*Assignment*
Retype each record shown below, leaving every character as it is.

§ §

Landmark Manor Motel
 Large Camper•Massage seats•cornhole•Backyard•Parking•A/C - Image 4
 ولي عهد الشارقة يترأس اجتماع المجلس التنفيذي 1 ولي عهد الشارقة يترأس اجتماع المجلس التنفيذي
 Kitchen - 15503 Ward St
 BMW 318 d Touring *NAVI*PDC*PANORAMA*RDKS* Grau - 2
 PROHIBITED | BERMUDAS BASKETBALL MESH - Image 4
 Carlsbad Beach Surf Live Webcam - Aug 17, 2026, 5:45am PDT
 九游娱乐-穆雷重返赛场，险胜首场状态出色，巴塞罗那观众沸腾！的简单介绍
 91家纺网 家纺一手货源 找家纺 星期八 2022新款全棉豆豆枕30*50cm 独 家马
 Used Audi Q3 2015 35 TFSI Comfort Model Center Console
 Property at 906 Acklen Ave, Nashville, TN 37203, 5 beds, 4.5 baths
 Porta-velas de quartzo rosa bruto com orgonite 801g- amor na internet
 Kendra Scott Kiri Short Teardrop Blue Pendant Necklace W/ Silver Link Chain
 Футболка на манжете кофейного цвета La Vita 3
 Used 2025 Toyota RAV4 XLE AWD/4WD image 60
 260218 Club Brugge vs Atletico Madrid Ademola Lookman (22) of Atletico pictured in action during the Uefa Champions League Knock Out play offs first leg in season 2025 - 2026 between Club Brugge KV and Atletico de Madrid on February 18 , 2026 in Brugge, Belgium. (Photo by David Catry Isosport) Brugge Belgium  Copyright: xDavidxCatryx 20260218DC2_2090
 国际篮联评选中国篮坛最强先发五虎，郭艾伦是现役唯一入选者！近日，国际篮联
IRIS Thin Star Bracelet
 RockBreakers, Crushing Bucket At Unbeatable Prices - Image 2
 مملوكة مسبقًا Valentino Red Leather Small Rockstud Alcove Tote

§ §

*Your solution*
Landmark Manor Motel
 Large Camper•Massage seats•cornhole•Backyard•Parking•A/C - Image 4
 ولي عهد الشارقة يترأس اجتماع المجلس التنفيذي 1 ولي عهد الشارقة يترأس اجتماع المجلس التنفيذي
 Kitchen - 15503 Ward St
 BMW 318 d Touring *NAVI*PDC*PANORAMA*RDKS* Grau - 2
 PROHIBITED | BERMUDAS BASKETBALL MESH - Image 4
 Carlsbad Beach Surf Live Webcam - Aug 17, 2026, 5:45am PDT
 九游娱乐-穆雷重返赛场，险胜首场状态出色，巴塞罗那观众沸腾！的简单介绍
 91家纺网 家纺一手货源 找家纺 星期八 2022新款全棉豆豆枕30*50cm 独 家马
 Used Audi Q3 2015 35 TFSI Comfort Model Center Console
 Property at 906 Acklen Ave, Nashville, TN 37203, 5 beds, 4.5 baths
 Porta-velas de quartzo rosa bruto com orgonite 801g- amor na internet
 Kendra Scott Kiri Short Teardrop Blue Pendant Necklace W/ Silver Link Chain
 Футболка на манжете кофейного цвета La Vita 3
 Used 2025 Toyota RAV4 XLE AWD/4WD image 60
 260218 Club Brugge vs Atletico Madrid Ademola Lookman (22) of Atletico pictured in action during the Uefa Champions League Knock Out play offs first leg in season 2025 - 2026 between Club Brugge KV and Atletico de Madrid on February 18 , 2026 in Brugge, Belgium. (Photo by David Catry Isosport) Brugge Belgium  Copyright: xDavidxCatryx 20260218DC2_2090
 国际篮联评选中国篮坛最强先发五虎，郭艾伦是现役唯一入选者！近日，国际篮联
IRIS Thin Star Bracelet
 RockBreakers, Crushing Bucket At Unbeatable Prices - Image 2
 مملوكة مسبقًا Valentino Red Leather Small Rockstud Alcove Tote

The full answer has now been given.